*Exercise aim:* Transcribe word for word the section of the records below that opens with the line containing "I'll link up" and closes with the line containing "His father pointed"; drop every picture.

### Records shown ###

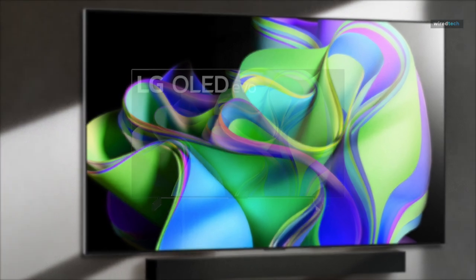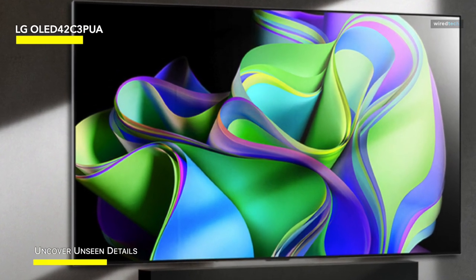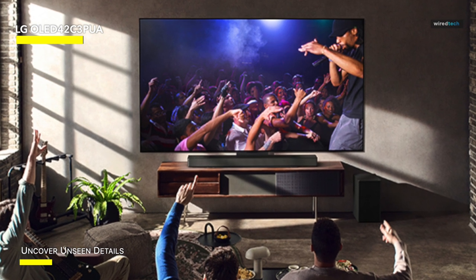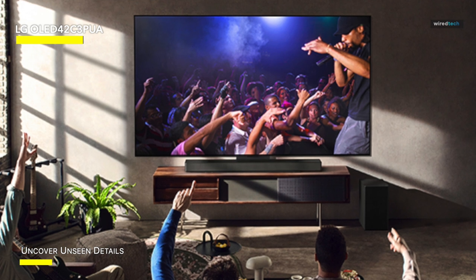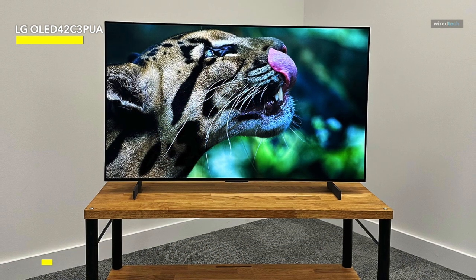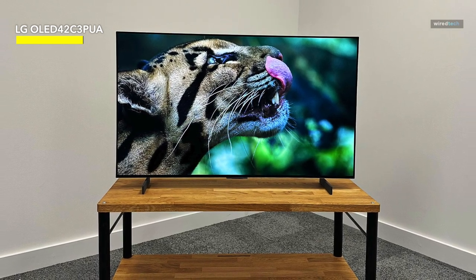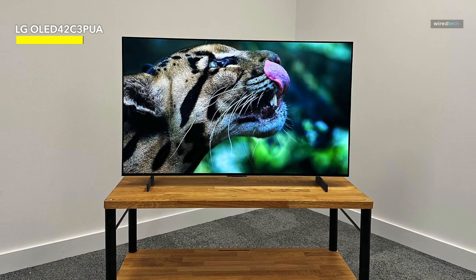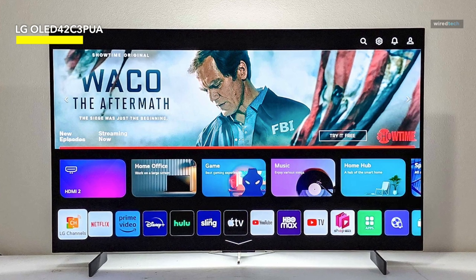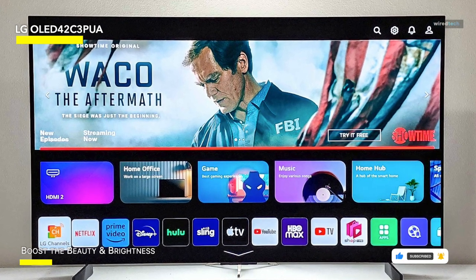LG OLED 42C3PUA. Unlike LED backlit displays, OLED TVs and monitors don't rely on a backlight to produce the image, as each pixel is self-emissive. This makes for an infinite contrast ratio — black is black, white is white, and there is no backlight bleeding or glowing of any kind. Additionally, the OLED technology offers superior color quality and viewing angle. The C3 has a wide 98% DCI-P3 color gamut, and the picture will remain perfect regardless of the angles you are looking at on the screen. Its peak brightness is a bit lower than that of LED TVs at this price range, but at 800 nits maximum luminance for HDR content, you still get a fantastic HDR viewing experience, especially in dark rooms where the infinite contrast ratios really shine.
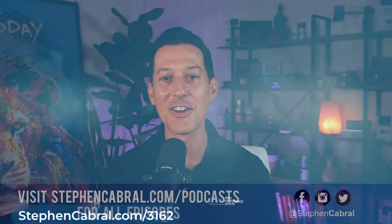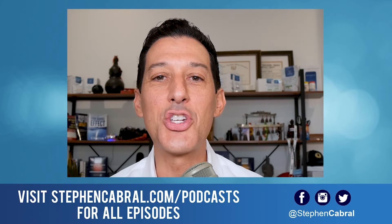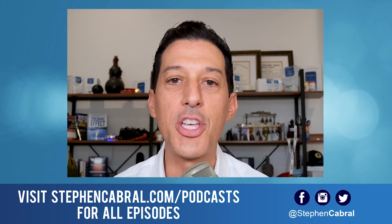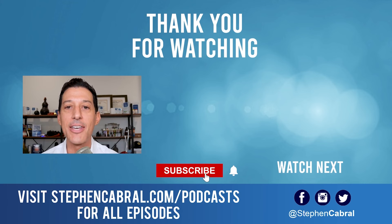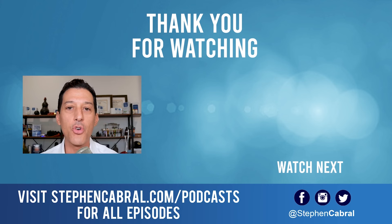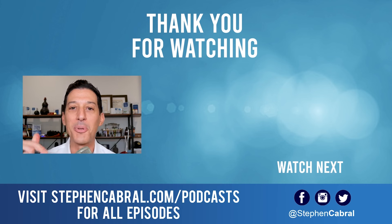I'll link up those studies — you can check them out yourself at stevencabral.com/3162. As always, do feel free to share the show with anyone you believe it could serve. Take care, everybody. Thanks so much for tuning into today's show. Before you go, don't forget to hit that subscribe button — I want to make sure that you're getting our daily content, not missing out on anything: functional medicine, wellness, weight gain, weight loss, anti-aging, living longer, stronger, and all of the most cutting-edge research. And if there's any topics you want to hear, feel free to leave them in the comments below.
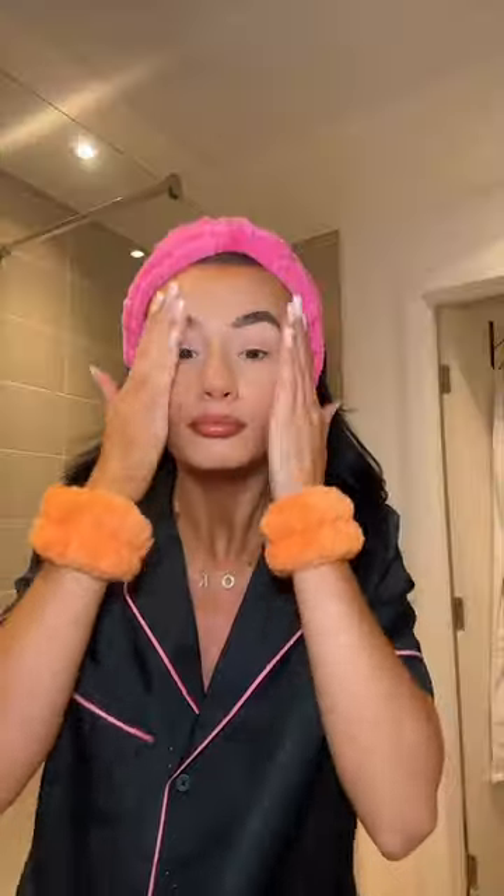Every time I take my lashes off, I feel like a bald eagle. To take my makeup off, I'm using this cleansing balm — and oh my god, it literally just melted my makeup off. It literally took me 30 seconds.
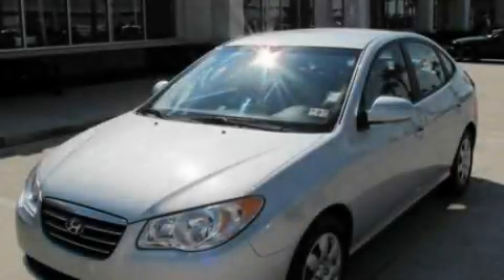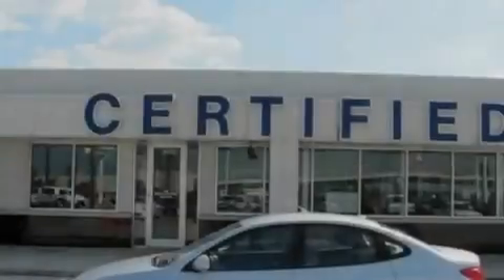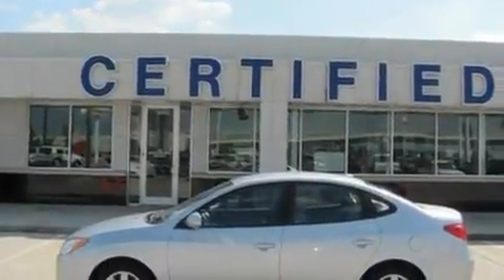This is a 2009 Hyundai Elantra. It has a 2.0-liter four-cylinder engine and a four-speed automatic transmission.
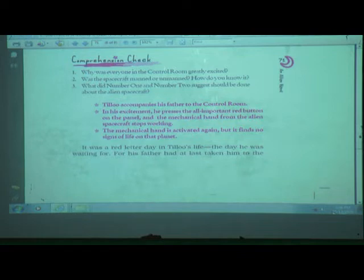His father pointed to an impressive panel fitted with several colored buttons. Tillu looked at them wistfully. 'Look, it's up to something, daddy!' Tillu suddenly noted some movement in the spacecraft. Others in the control room saw it too — all eyes were now glued to the screen. A mechanical hand was emerging from the spacecraft, approaching the surface of the planet. It bent and touched the soil. People crowded towards the screen for a closer look, and the telescopic lens of the TV camera zoomed into the tip of the mechanical hand.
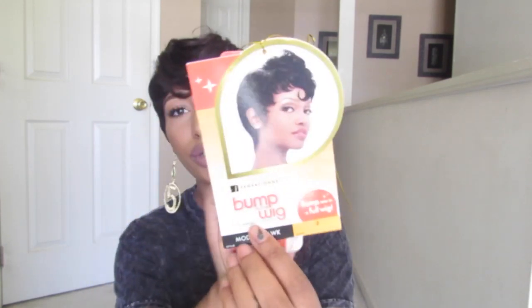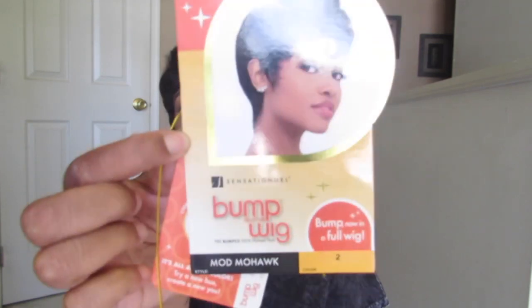This was sent to me from Sister Wig, so I'll leave Sister Wig's links in the description box in case any of you want to check it out. This is the Sensational Bump Wig Collection — it is pre-bumped and it's 100% human hair. The style is called Maude Mohawk and I have it in color two. I'm going to go ahead and insert the clips of how it looks straight out the peg.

###

*Your response:*
I'll link up those studies — you can check them out yourself at stevencabral.com/3162. As always, do feel free to share the show with anyone you believe it could serve. Take care, everybody. Thanks so much for tuning into today's show. Before you go, don't forget to hit that subscribe button — I want to make sure that you're getting our daily content, not missing out on anything: functional medicine, wellness, weight gain, weight loss, anti-aging, living longer, stronger, and all of the most cutting-edge research. And if there's any topics you want to hear, feel free to leave them in the comments below.
Every time I take my lashes off, I feel like a bald eagle. To take my makeup off, I'm using this cleansing balm — and oh my god, it literally just melted my makeup off. It literally took me 30 seconds.
This is a 2009 Hyundai Elantra. It has a 2.0-liter four-cylinder engine and a four-speed automatic transmission.
His father pointed to an impressive panel fitted with several colored buttons. Tillu looked at them wistfully. 'Look, it's up to something, daddy!' Tillu suddenly noted some movement in the spacecraft. Others in the control room saw it too — all eyes were now glued to the screen. A mechanical hand was emerging from the spacecraft, approaching the surface of the planet. It bent and touched the soil. People crowded towards the screen for a closer look, and the telescopic lens of the TV camera zoomed into the tip of the mechanical hand.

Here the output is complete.